What the exercise asks:
When a line in the entries below contains "Burner", tally it; give the tally with nothing added.

[Caption-style text data]
+ + +

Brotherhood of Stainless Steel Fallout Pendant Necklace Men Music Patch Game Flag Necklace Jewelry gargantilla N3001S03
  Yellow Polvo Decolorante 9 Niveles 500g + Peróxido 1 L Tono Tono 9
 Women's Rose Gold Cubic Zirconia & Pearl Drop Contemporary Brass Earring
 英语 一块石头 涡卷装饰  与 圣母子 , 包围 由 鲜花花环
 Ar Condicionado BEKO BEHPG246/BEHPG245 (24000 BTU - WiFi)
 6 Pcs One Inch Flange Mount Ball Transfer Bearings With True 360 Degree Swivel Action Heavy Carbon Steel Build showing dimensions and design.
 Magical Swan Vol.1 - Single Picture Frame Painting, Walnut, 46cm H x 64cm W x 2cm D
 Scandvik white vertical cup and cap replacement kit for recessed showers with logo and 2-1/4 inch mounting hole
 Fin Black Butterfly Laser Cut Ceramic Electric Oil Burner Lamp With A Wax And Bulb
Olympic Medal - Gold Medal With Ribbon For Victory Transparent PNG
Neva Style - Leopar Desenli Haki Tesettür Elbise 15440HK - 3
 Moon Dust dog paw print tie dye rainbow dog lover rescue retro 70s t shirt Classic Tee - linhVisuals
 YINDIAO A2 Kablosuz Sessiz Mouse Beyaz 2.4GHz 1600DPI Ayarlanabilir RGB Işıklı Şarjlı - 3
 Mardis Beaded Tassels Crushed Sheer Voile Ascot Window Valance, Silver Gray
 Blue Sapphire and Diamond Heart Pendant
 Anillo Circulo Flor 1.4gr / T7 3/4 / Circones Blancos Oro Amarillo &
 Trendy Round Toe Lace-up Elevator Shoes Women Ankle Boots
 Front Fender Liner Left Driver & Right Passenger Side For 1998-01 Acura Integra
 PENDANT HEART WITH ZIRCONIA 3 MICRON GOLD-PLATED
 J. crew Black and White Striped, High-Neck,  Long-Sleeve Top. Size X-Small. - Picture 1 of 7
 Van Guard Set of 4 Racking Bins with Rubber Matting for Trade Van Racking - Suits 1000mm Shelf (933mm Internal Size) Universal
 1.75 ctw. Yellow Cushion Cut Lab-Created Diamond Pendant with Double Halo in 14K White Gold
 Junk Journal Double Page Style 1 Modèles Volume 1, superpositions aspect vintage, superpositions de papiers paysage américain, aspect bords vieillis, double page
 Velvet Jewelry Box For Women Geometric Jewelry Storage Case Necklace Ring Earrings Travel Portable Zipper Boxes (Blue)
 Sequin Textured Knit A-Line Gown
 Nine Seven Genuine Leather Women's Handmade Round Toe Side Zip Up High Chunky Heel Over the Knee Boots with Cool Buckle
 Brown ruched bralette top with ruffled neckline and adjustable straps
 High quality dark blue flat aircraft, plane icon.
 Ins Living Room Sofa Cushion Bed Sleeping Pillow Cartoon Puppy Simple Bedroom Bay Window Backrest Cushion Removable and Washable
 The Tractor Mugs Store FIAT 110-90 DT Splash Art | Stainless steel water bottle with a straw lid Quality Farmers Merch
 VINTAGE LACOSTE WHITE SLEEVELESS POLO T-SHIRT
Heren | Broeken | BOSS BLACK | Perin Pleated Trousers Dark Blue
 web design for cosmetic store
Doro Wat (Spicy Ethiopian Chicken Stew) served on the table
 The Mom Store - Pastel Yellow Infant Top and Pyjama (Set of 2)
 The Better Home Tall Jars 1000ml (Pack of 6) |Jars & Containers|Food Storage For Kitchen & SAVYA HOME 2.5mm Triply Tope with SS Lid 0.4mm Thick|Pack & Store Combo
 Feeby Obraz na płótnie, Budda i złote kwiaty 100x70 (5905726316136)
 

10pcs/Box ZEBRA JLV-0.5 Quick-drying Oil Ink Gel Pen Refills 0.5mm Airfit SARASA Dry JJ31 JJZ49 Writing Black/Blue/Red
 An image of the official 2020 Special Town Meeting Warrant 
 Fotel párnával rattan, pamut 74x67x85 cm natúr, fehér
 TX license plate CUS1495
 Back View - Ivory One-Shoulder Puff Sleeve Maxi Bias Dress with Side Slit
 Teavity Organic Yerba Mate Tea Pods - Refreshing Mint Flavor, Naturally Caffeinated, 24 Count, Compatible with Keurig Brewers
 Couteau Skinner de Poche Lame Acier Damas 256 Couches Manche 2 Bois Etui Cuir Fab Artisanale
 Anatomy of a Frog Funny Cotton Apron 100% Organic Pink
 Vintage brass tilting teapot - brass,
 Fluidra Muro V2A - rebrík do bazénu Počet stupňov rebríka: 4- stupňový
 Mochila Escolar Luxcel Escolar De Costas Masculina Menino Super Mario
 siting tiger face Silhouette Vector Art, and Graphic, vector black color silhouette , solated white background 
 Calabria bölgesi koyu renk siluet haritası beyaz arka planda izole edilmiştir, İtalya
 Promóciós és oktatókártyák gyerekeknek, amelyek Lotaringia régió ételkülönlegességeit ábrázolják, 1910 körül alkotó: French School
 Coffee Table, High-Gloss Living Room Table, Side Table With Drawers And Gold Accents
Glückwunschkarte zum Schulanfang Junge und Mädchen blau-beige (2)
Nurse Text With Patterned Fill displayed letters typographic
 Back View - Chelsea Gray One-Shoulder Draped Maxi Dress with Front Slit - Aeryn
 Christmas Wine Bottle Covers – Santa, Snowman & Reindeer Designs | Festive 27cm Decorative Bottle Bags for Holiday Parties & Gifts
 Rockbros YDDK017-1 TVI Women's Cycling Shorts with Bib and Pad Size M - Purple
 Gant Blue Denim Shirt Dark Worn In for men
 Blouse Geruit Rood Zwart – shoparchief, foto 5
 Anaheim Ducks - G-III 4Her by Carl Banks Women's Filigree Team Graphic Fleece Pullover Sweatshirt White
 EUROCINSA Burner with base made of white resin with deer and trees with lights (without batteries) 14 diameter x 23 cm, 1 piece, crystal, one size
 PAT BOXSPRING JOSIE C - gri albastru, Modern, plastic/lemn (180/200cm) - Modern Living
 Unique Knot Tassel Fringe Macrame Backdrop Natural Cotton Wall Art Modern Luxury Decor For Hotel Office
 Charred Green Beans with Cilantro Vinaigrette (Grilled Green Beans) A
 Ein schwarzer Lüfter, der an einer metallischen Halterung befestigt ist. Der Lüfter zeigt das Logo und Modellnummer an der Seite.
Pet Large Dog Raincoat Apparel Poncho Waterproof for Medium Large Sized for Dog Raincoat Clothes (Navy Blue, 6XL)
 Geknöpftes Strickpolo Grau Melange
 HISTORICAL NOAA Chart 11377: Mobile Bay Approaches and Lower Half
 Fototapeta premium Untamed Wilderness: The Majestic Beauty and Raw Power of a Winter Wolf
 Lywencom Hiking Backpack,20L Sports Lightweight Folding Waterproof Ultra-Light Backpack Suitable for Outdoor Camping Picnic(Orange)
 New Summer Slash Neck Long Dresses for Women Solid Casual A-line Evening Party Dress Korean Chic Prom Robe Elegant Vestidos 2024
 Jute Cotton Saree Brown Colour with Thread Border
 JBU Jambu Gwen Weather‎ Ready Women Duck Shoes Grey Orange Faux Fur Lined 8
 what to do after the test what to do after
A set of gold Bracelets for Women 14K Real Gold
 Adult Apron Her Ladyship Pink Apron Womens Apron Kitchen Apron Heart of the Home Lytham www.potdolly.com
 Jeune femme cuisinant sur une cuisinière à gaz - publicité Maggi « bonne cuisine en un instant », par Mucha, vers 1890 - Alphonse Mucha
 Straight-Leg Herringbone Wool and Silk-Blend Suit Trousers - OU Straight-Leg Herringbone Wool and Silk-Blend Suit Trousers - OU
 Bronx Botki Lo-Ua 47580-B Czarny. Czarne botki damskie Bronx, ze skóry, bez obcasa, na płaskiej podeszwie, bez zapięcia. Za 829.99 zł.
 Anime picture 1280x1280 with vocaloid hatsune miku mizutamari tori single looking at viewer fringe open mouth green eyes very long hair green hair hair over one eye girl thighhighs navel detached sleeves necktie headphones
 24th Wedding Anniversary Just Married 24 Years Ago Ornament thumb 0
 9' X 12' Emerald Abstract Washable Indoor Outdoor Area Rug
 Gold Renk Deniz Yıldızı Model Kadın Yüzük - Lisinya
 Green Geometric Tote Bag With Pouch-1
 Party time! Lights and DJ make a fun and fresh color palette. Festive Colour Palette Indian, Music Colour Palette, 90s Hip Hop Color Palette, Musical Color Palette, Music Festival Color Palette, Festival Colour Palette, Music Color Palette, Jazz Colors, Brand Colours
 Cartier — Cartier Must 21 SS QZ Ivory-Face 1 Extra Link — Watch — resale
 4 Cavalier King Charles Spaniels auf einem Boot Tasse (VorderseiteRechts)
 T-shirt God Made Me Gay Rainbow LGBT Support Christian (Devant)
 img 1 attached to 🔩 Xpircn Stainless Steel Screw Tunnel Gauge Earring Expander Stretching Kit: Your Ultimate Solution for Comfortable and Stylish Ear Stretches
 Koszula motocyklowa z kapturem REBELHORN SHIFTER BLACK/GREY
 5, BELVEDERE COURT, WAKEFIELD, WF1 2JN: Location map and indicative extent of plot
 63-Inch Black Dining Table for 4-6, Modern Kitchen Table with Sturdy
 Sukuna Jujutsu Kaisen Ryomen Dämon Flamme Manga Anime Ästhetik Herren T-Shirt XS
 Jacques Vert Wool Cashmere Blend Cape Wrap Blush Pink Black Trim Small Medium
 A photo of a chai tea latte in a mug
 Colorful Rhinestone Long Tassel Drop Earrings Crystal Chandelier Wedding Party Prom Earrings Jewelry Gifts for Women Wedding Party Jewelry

+ + +

Solution to this problem:
2